オランダ第三の都市、デン・ハーグ、その中心にピネンホフと呼ばれる旧市街(上)がある。
その旧市街のホフフェイファの池のほとりにあって、この国で一番美しい建物のひとつとされるのがマウリッツハイス美術館。
美術館にはフェルメールの傑作 「真珠の耳飾りの少女」がある。
その作品、ウルトラ・マリン・ブルーと呼ばれる青いターバンで有名だが、その青などの色彩が鮮やかに対比された絵に 「牛乳を注ぐ女」がある。

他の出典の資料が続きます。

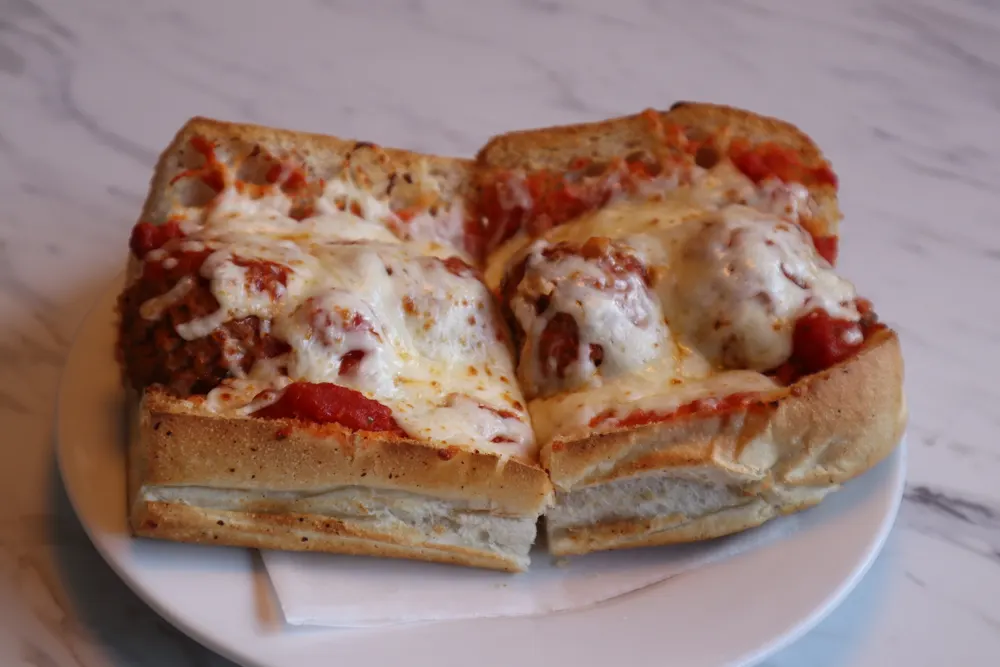 A meatball parm grinder with melted cheese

ここで時間を一日戻し、アムステルダムの国立美術館のフェルメールについて少し触れる。
フェルメールの数少ない絵のうち 「青衣の女」 「デルフトの小道」 「恋文」そして 「牛乳を注ぐ女」をこの美術館が所蔵することは<デルフトの小路>で触れた。 ()
その 「牛乳を注ぐ女」(中)は、彼に多く見られる、優雅な室内で裕福そうな衣装を身にまとった女性を描いたものとは趣を異にし、当時の素朴な女性を鮮やかに描いたのが特徴とされる。

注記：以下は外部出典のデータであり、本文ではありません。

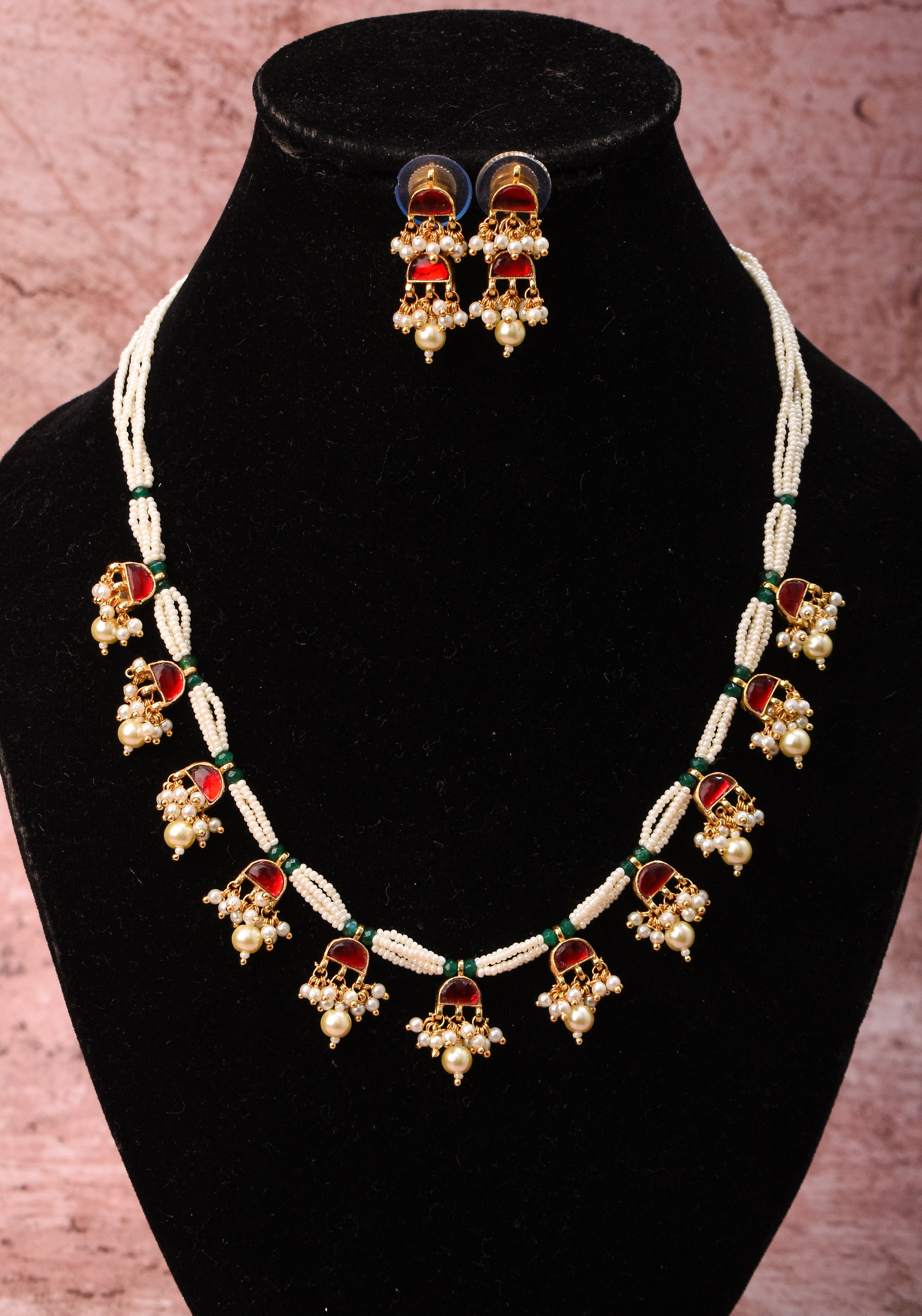 Lightweight Jadau Necklace Set with eleven dangling red stones and matching earrings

バターかチーズを作ろうとするのだろう、一滴もこぼすまいと静かに土鍋に牛乳を注ぐ女性。
彼女の日常風景が、静かな佇まいのなかで見事にキャンパスに切り取られている。
とりわけ、女性が被る白い頭巾、黄色の上着、赤いスカートと腰に巻きつけた青いエプロンが、窓から差し込む柔らかい光りを受けて鮮やかに対比されている。

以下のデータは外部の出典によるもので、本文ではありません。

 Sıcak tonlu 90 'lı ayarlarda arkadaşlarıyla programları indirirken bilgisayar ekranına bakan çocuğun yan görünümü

この絵には何一つとして無駄なものが描かれていないとされ、壁に吊るされた籠、打たれた釘などにさえ、この家庭の暮らし向きなどが示唆されているのだそうだ。
生まれ育った町デルフトの陶磁器の色、デルフト・ブルーの影響を大きく受けたとされるフェルメール。
彼が用いたウルトラ・マリン・ブルーは、当時、かなり高価だったというラピス・ラズリの原石を材料にしているとか。
なるほど、真珠の耳飾りをした少女も、牛乳を注ぐ女性も、黄と青の一際目立つ色を対比させることによって華やかさをもたらしている、そんな風に思うのだが。 ()
素晴らしい天気に恵まれたアムステルダムだった。
国立美術館からゴッホ美術館、レンブラントの家と廻り、蚤の市のようなフリー・マーケットをひやかし、運河沿いのレストランで遅い昼食。